On top of that, we have the impact of carbon taxes. Taxes on electricity are levied at EU level through the emissions trading system but we are disproportionately penalised for the use of fossil fuels – oil, coal and gas – in the generation of our electricity.

At the same time, electricity customers here are losing €176 million in charges they have already paid for the two power stations in Lanesborough and Shannonbridge, which could be burning biomass for the next decade, helping to address the electricity shortfall in this country over the winter period while also reducing the carbon tax levied on electricity, just as the two plants’ older sister, the Edenderry plant, is doing today. Doing this would require the Minister of State, Senator Hackett, to take a very different approach to the bottleneck in felling licences for forestry. Doing so would release the brash by-product, the branches and so on, to fuel those three power plants across the midlands. It would also give local farmers time to establish biomass crops, which could have a big impact on their financial sustainability while also having a significant impact on our overall agricultural emissions.
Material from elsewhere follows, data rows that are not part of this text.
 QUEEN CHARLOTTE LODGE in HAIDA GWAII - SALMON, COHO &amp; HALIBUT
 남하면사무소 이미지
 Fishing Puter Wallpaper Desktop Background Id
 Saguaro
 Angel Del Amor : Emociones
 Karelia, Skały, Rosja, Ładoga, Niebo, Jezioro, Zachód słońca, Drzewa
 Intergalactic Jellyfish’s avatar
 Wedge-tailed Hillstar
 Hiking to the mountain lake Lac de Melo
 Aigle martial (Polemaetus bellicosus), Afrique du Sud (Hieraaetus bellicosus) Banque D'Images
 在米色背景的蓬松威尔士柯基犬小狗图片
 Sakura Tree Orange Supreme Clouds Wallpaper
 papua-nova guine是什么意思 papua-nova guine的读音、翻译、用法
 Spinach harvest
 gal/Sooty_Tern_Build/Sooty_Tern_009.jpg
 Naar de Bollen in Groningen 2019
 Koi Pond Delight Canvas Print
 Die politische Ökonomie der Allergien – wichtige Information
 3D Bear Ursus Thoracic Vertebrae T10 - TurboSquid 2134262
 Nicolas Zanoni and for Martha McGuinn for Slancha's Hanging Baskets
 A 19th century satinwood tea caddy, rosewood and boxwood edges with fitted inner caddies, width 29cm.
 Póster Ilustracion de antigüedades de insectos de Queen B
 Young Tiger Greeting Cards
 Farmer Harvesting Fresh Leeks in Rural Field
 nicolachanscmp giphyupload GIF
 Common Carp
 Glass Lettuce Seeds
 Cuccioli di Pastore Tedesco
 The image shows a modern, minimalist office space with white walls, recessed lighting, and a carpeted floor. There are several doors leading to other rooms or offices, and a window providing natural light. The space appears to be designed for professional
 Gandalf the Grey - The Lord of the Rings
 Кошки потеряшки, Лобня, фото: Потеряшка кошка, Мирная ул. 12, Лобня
The carbon taxes collected here in Ireland were supposed to have been invested in reducing overall emissions, but what is going on with the carbon tax fund is little more than a three-card trick. Next year, €412 million in carbon taxes will be collected. Some €174 million of that will go towards social welfare payments. That will not take one additional tonne of carbon out of our atmosphere. Some €36 million will be invested in a just transition and greenways. This will have a minimal impact on our carbon emissions. Some €202 million will be invested in retrofitting in 2022 but, back in 2019, €90 million was allocated. That was profiled to ramp up dramatically from 2021 onwards and that was before the Green Party increased the carbon tax.

The key question is how much new money is going into retrofitting. What is going in now, in 2022, represents a 50% shortfall compared with what was profiled when I was Minister. Project Ireland 2040 set out a commitment to retrofit 45,000 homes per annum from 2021. Yesterday’s budget announced that 22,000 homes would be retrofitted. Just 4,500 of these are the homes of people who are in receipt of the fuel allowance, of which there are 370,000. In fact, there are 7,000 families who are in receipt of the fuel allowance on the waiting list for retrofitting. They will wait 26 months to have that carried out. How much of the €412 million collected in carbon tax will provide new Government spending to bring down carbon emissions? Zilch. Absolutely nothing.

With regard to the carbon fund, farmers are going to lose out to the sum of €49 million. This is the one area in which we could actually have a real impact on emissions. Better grass management alone could help to address our air quality, ammonia and nitrates problems as well as reducing methane emissions and promoting greater carbon sequestration in soil. The carbon fund should be used to fast-track research on practical carbon sequestration on our pasture lands and in our hedgerows. Nothing is going into that. We should be investing in a suckler cow environmental scheme. We proposed that this scheme should pay out €200 per annum on 20 cows for sustainable suckler beef production, along the lines of the smart farming initiative. In some cases, farmers have seen a 20% reduction in their environmental emissions, which is twice the current target set by the Department of Agriculture, Food and the Marine for the agricultural sector.

Finally, we have 3.7 million sheep in this country. Farmers are giving away wool for nothing and yet there is a shortage of insulation to retrofit homes. Surely it is time to connect the dots.